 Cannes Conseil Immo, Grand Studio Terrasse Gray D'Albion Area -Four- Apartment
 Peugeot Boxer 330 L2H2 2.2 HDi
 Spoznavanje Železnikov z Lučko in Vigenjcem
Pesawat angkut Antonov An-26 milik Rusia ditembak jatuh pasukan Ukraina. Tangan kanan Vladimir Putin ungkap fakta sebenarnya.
======
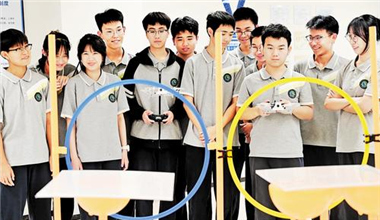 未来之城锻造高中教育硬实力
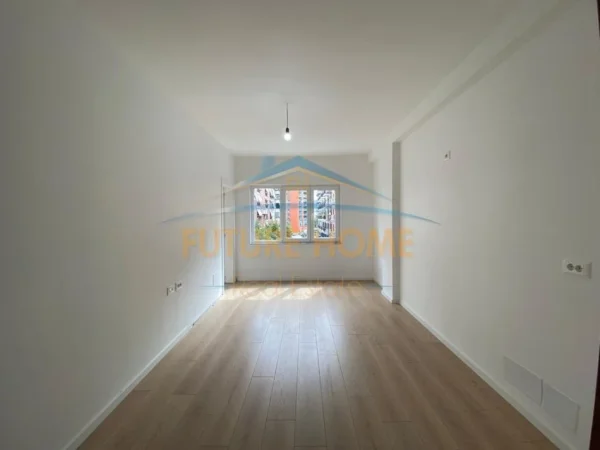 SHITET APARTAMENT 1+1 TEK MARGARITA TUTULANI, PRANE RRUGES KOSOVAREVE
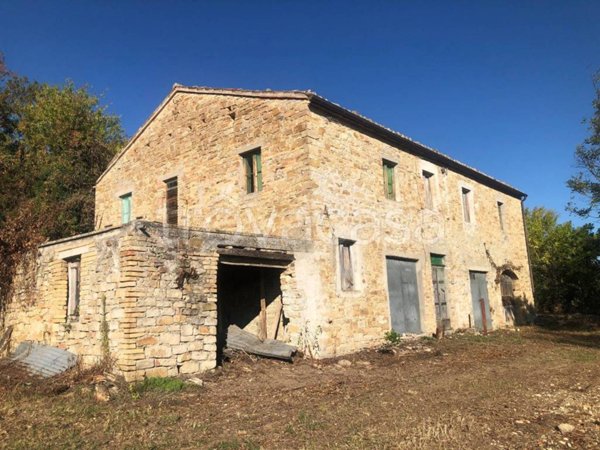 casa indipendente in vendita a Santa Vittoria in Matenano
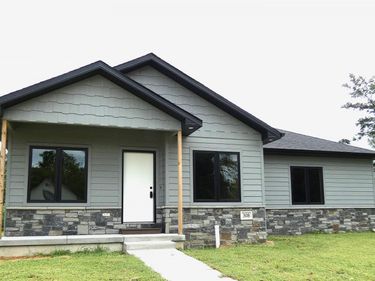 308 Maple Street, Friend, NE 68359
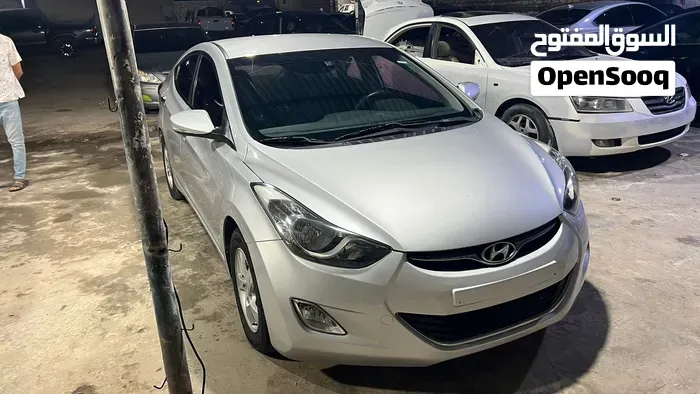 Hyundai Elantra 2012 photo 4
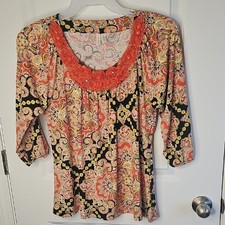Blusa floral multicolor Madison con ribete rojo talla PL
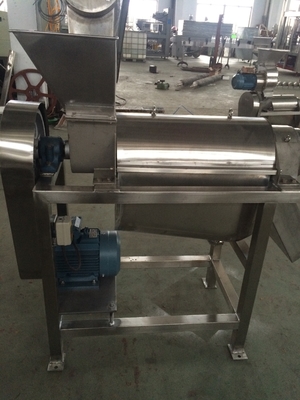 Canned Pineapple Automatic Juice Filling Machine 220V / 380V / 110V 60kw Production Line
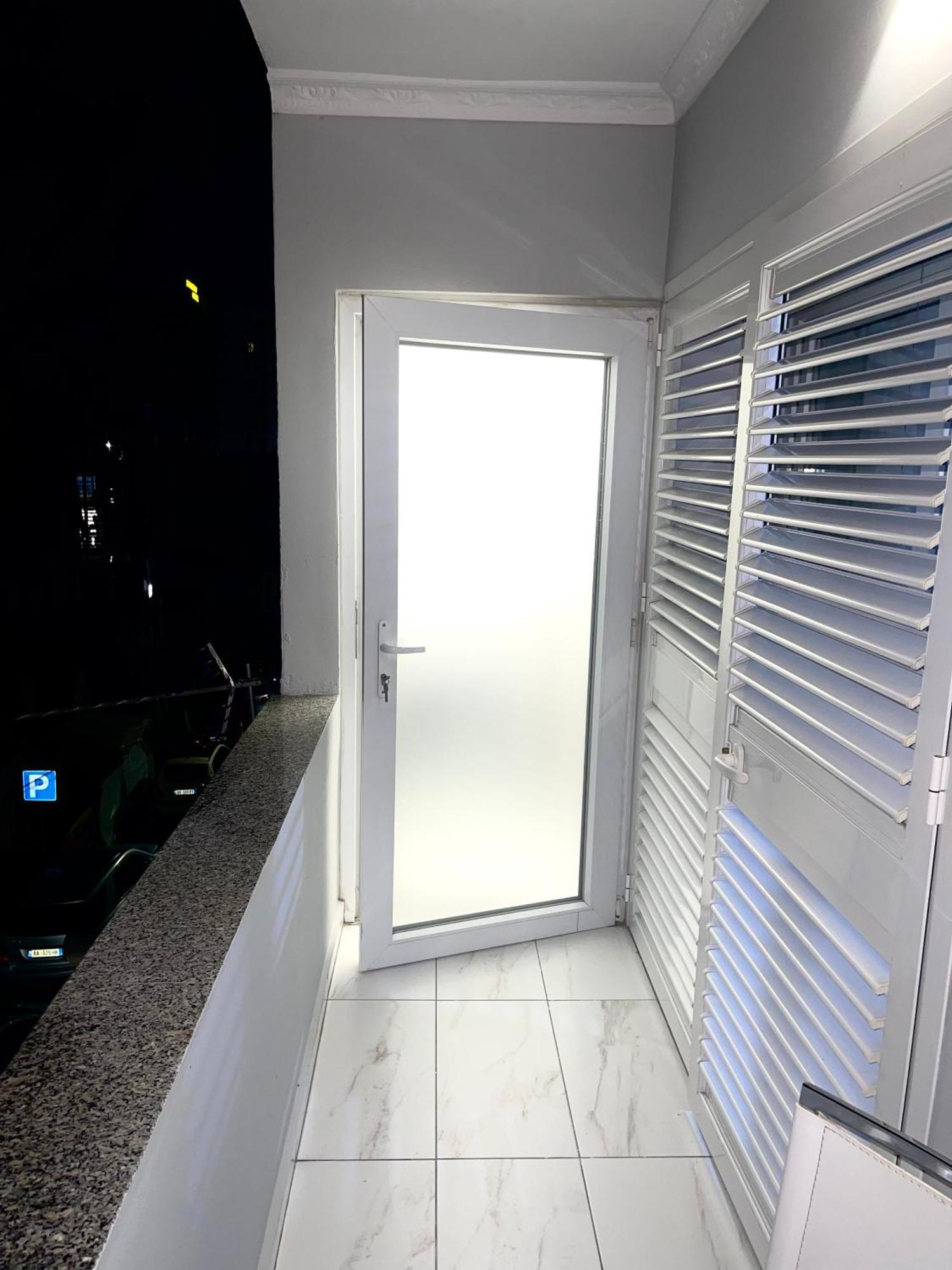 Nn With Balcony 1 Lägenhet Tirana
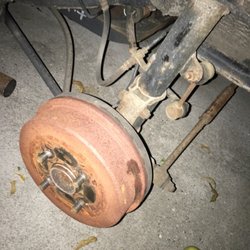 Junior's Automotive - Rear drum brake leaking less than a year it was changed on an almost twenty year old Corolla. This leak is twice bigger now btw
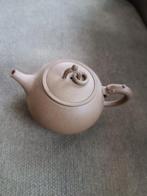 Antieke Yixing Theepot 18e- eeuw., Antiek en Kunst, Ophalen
======
* _Exercise_
When you reach the line containing "Blusa floral multicolor" in the entries above, begin restating word for word, and stop once the line containing "Junior's Automotive - Rear" has been given. Omit the pictures.

* _Answer box_
Blusa floral multicolor Madison con ribete rojo talla PL
 Canned Pineapple Automatic Juice Filling Machine 220V / 380V / 110V 60kw Production Line
 Nn With Balcony 1 Lägenhet Tirana
 Junior's Automotive - Rear drum brake leaking less than a year it was changed on an almost twenty year old Corolla. This leak is twice bigger now btw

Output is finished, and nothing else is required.